As former Minneapolis police officer Derek Chauvin was found guilty of second-degree murder, third-degree murder, and second-degree manslaughter in April, attention has shifted to focus on the George Floyd Justice in Policing Act.
Introduced during last year’s Congress session, the George Floyd Justice in Policing Act would change how policing operates across the country. Named after a Black man who died while a police officer knelt on his neck, this act could revolutionize how police operate.
Reducing Racial and Religious Profiling
The act would forbid religious, racial and discriminatory profiling for all local, state and federal law enforcement while mandating anti-bias training for all levels of law enforcement. Further, this act would require that data such as the use of force be collected by race, sex, disability and religion be collected by law enforcement officials.
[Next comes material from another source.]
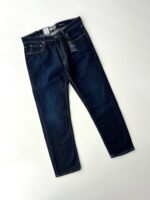 شلوارجین برند DRESSMANN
Banning Chokeholds and No-Knock Warrants
Should this act be passed and enacted, carotid holds and chokeholds would be banned for federal law enforcement officers. Funding for state and local law enforcement departments would be tied to whether these departments utilized chokeholds and carotid holds. In the case of federal drug cases, this act would ban no-knock warrants.
This act would require that all other de-escalation methods be tried and exhausted before the use of deadly force. Grants would be made available to local and state law enforcement agencies who exhausted non-lethal methods of de-escalation before potentially using lethal methods of force.
Requiring Body Cameras
The George Floyd Justice in Policing Act would require federal police officers in uniforms to wear body cameras. State and local law enforcement departments could use existing federal funding to ensure that body cameras were being used. As well, this piece of legislation would require identifiable federal police vehicles to have dashboard cameras. Many states currently have laws on the books requiring body cameras to be used.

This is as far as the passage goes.